Syarat Jama’ Mudzakar Salim
(عاَلِمٌ) dan (كاَتِبٌ) dikosongkan dari ta’ dan pantas jika diberi ta’, sehingga kita ucapkan (عاَلِمَةٌ) dan (كاَتِبَةٌ). (أَفْضَلُ) dan (أَكْمَلُ) dikosongkan dari ta’ dan tidak pantas jika diberi ta’, karena keduanya berupa isim tafdlil. Yang boleh dijama’kan dengan jama’ mudzakar salim hanyalah dua perkara, yaitu: (1) alam mudzakar ‘aqil, dengan syarat harus dikosongkan dari ta’ dan tarkib, seperti (أَحْمَدُ), dan (2) sifat mudzakar ‘aqil, dengan syarat dikosongkan dari ta’ namun pantas jika dimasuki ta’ atau menunjukkan pada makna tafdlil, seperti (عاَلِمٌ), (كاَتِبٌ), (أَفْضَلُ) dan (أَكْمَلُ).[1]
Sifat tidak diperbolehkan dijama’kan
dengan jama’ mudzakar salim, kecuali dengan syarat harus dikosongkan dari ta’
ta’nits.
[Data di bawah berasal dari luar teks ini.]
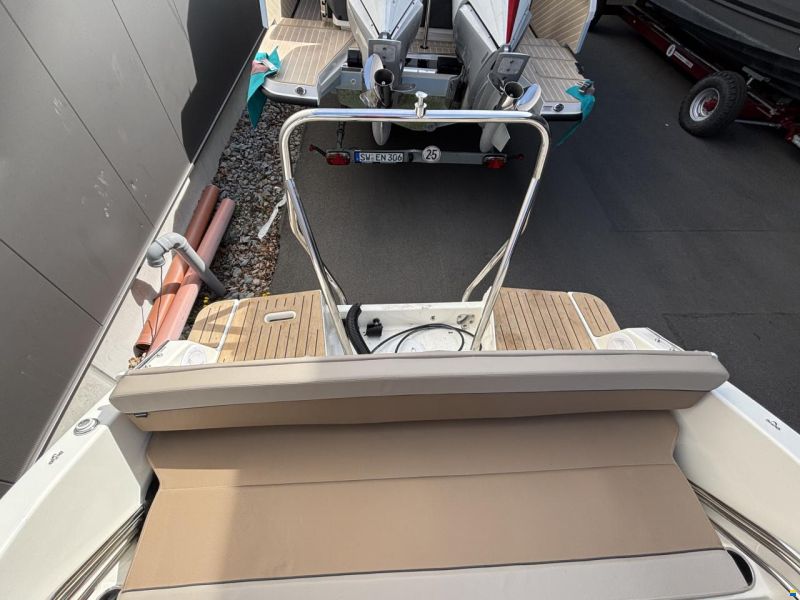 Quicksilver Activ 605 Cruiser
Jika sifat itu sudah dikosongkan dari ta’, maka dia juga disyaratkan
dari salah satu dari kedua perkara ini, yaitu adakalanya dia bisa menerima ta’
dan adakalnya dia berupa isim tafdlil. Jika sifat itu tidak bisa menerima ta’
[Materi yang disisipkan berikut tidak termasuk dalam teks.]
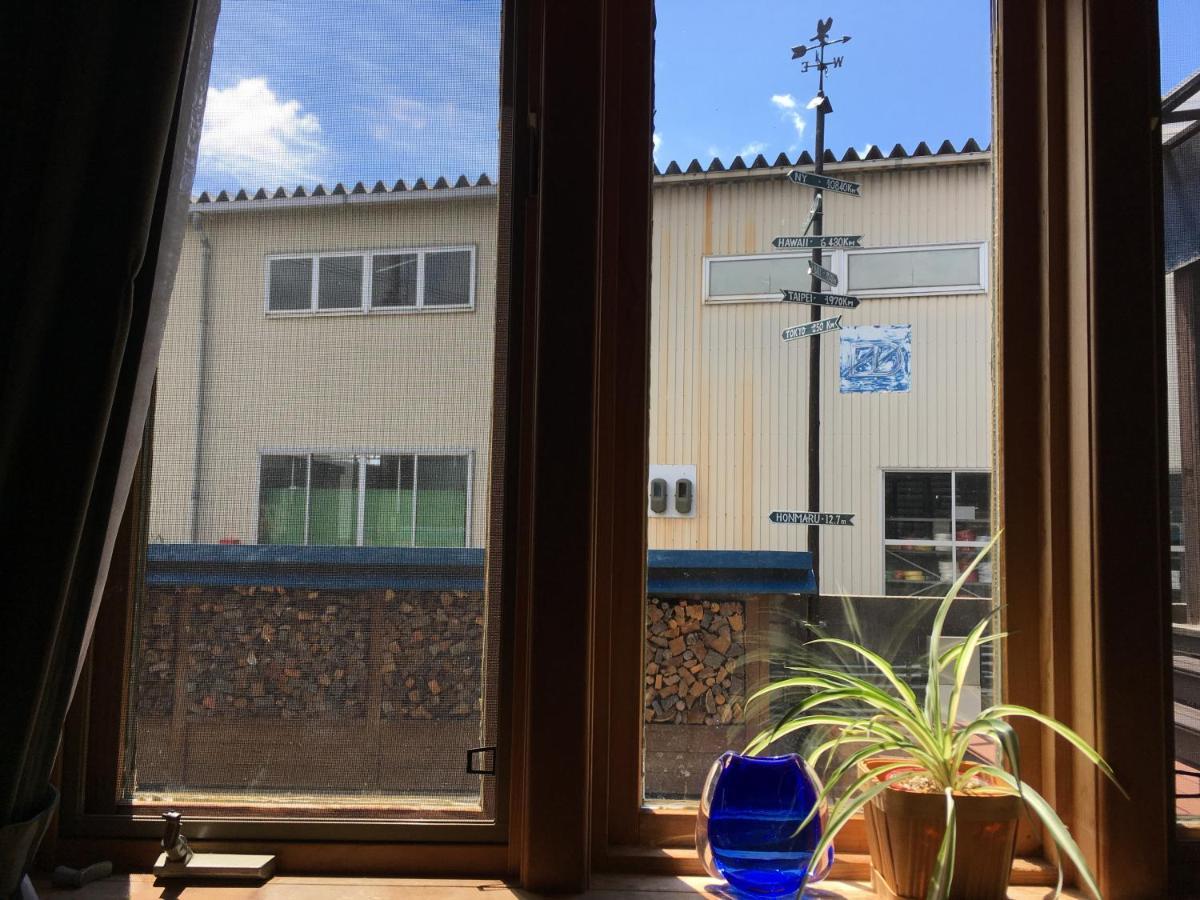 Carrefour Guesthouse カルフール ゲストハウス Toyama Station Exterior foto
dan tidak berupa isim tafdlil, maka lafal itu tidak boleh dijama’kan dengan
jama’ mudzakar salim, seperti (أَحْمَرُ), (صَبُورٌ) dan (قَتِيْلٌ), seperti yang nanti akan
dijelaskan.
Dan semua lafal yang dari bab (أَفْعَلَ
فَعْلاَءُ), seperti (أَحْمَرُ) dan (حَمْرَاءُ)[2]
atau dari bab (فَعْلاَنَ فَعْلاَ), seperti (سَكْرَانَ) dan (سَكْرَى),[3]
atau termasuk dalam sifat yang antara mudzakar dan mu’annatsnya sama, seperti (غَيُوْرٌ) dan (جَرِيْحٌ),[4]
maka tidak pantas untuk menerima ta’.
Sehingga tidak boleh dijama’kan
dengan jama’ mudzakar salim semisal (زَيْنَبُ) dan (دَاحِسٌ) untuk nama kuda, (حَمْزَةُ) dan (سِيْبَوَيْهِ) dijadikan nama. Tidak boleh juga
semisal (مُرْضِعٌ) dan (سَابِقٌ) menjadi sifatnya kuda, (عَلاَّمَةٌ), (وَلْهاَنُ), (صَبُورٌ), (أَبْيَضُّ) dan (قَتِيْلٌ) yang menjadi sifat.[5]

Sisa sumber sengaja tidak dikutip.